Apple Oatmeal Brulee

Apple Oatmeal Brulee
Home Cooking

This post is about a sort of boring food item so I need to start with a story. I was just at the onset of my current cooking mood and all keen about what to bake/cook this week and the following week and the week after that and so on. I had a portion of turkey mince in the freezer and came up with the bright idea of making Donald Trump's turkey burgers. They're not actually 'his' but they're an item sold at his private club, Mar-a-Lago and Oprah raved about them in an episode of her show. I didn't end up making the burgers (a particular brand of pear chutney is one of the critical ingredients and I just couldn't find it... or any kind of pear chutney I could use as an alternative) but I did find some other recipes trawling through Oprah's site.

The apple oatmeal brulee was one of them. I am like a horse when it comes to oats. Horses stereotypically go nuts for oats, right? I like oats especially in winter. Or when I'm sick. Or when I'm depressed. Or anytime really. Porridge is rad! I'm picky with oats. I don't eat instant oats. I need the traditional whole oats and I cook them slowly in milk (it has to be all milk, no water) with sultanas and dried apricots. Occasionally I'll add chopped up green apples or pears and a sprinkle of cinammon. I usually sweeten with honey. My biggest barrier in eating oat porridge is that milk is not a common feature in my fridge. I try to keep some long life stuff in the pantry but I prefer to use that for baking emergencies. I know that not having milk is inconceivable to most but I just don't drink it that much (my instant coffee only needs water) and I hate stuff going off.

Nevertheless, the idea of an oatmeal brulee appealed to me. The theory is simple - you make some porridge (Oprah's recipe suggests cooking them in apple juice or apple cider but for me, it's gotta be milk all the way baby) and then pack it into little ramekins. Rather than stirring sugar or syrup through for sweetening, you layer some sugar on top and grill (Americans say 'broil') like the blazes to get a caramelized crunchy top.
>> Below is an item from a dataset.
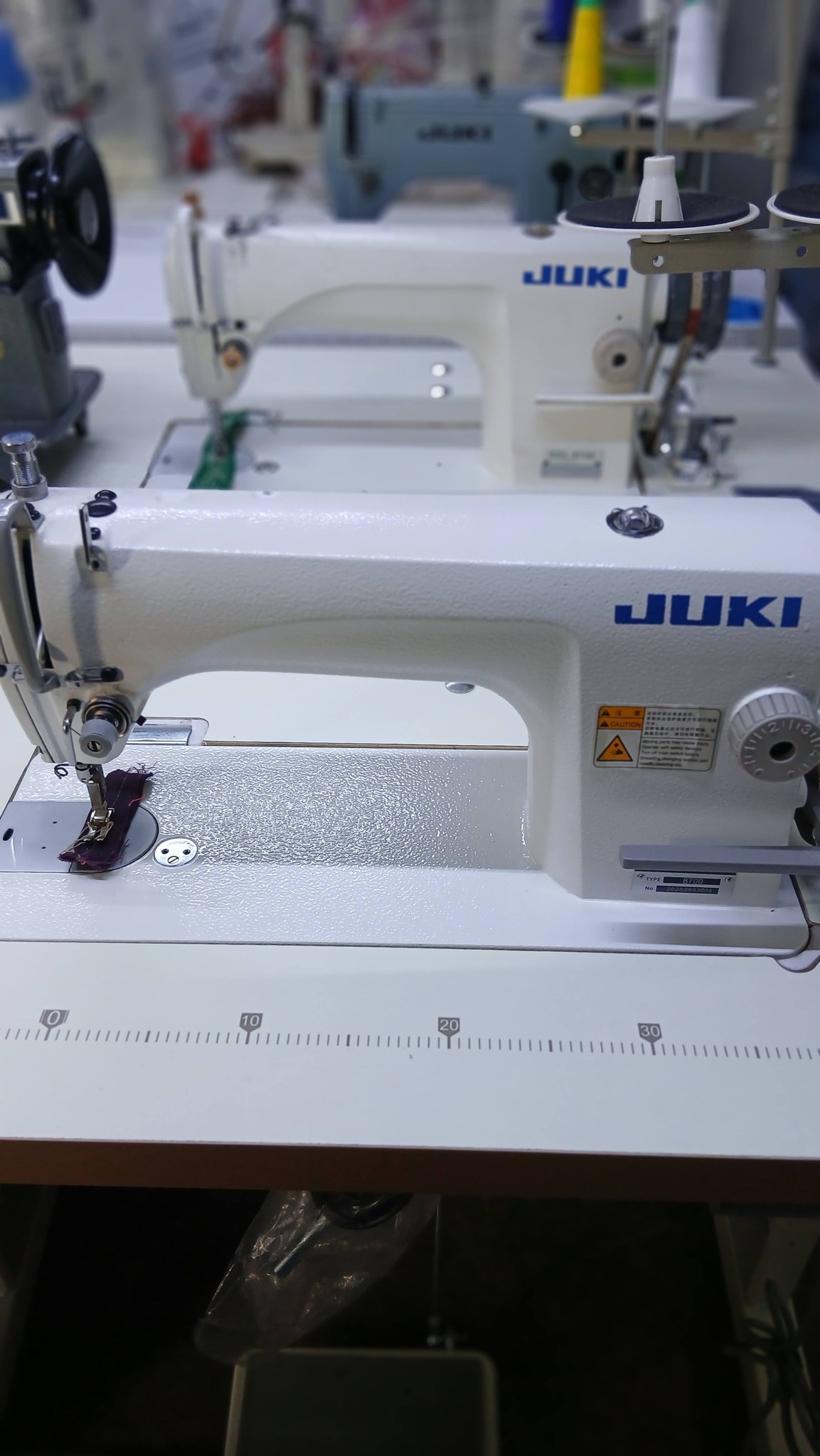 JUKI DDL-8700 STRAIGHT SEWING MACHINE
It's probably more for novelty than anything else but I'm not one to reject doing something for the fun of it.

I'll post up Oprah's recipe below even though her serving is for 4 and I only made enough for 2. My alterations are noted too.

Apple Oatmeal Brulee
Serves 4

  • 3 and 1/4 cups apple juice or cider (I used milk)
  • 1 red apple, cored and cut into large chunks (I think I used a granny smith... I just have to be different, don't I)
  • 2 cups oatmeal
  • 1 and 1/4 cups brown sugar (I went easy on the amount of sugar so probably used proportionately less than that)
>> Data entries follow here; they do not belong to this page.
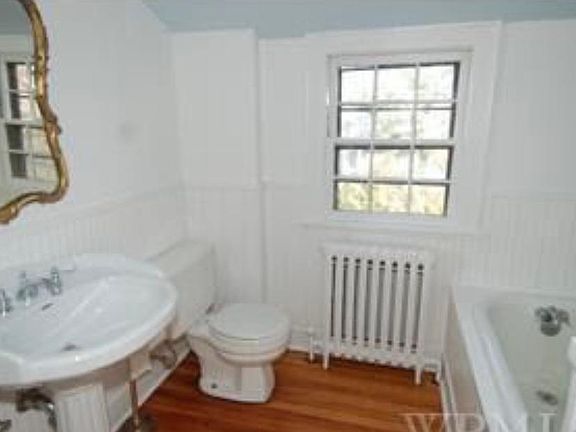 5th image of 34 Maplewood St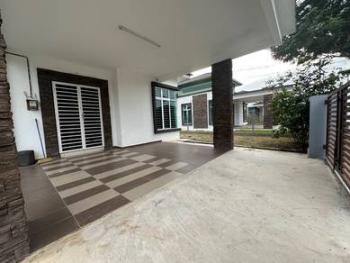 Exterior – Bungalow at Taman Belimbing Setia, Durian Tunggal, photo 3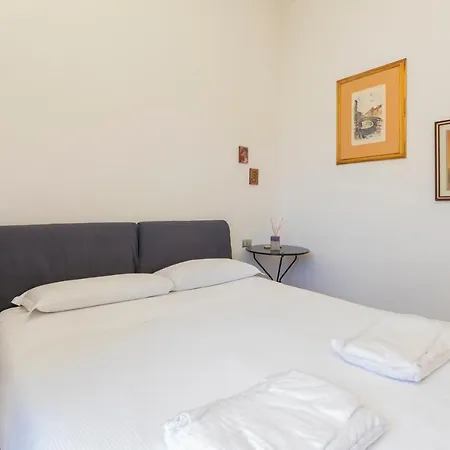 Comodo Tra Brera E Porta Nuova Apartman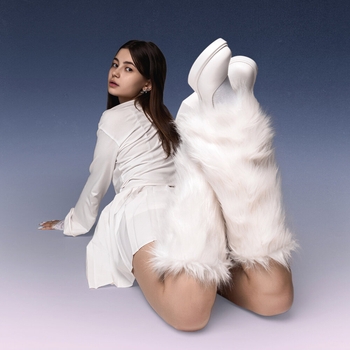 Ravilova - НЕ ТАКАЯ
1. In a medium sauce pan, bring the apple juice/cider/milk and apple chunks to the boil.
2. Add the oatmeal and cook for 3 minutes, until thick (I don't know what oatmeal she's using but mine takes a bit longer than that; you just stir and be the judge).
3. Divide oatmeal amongst 4 ovenproof ramekins.
4. Sprinkle brown sugar evenly on top of each to form a top layer that covers the entire surface (I didn't put that much on... I tried to be 'good').
5. Heat your grill to high and set the rack to about 10-15cm from the top heat source.
6. Place the ramekins on a baking sheet, then onto the rack and grill until the brown sugar starts to bubble and darken. This should only take 1-3 minutes.
7. Remove the ramekins from the oven and wait for them to cool slightly. This allows the sugar top to set crunchy. Serve warm!

I thought these were a pretty nifty idea. It might be a good trick to getting kids to eat oats if they're feeling resiliant or perhaps a healthy alternative to creme brulee. I wouldn't go through that much trouble again just for the sake of it. It was amusing/cool to have the crunchy layer but honestly, I'm happy with my regular oats that don't require heating the oven and extra washing up.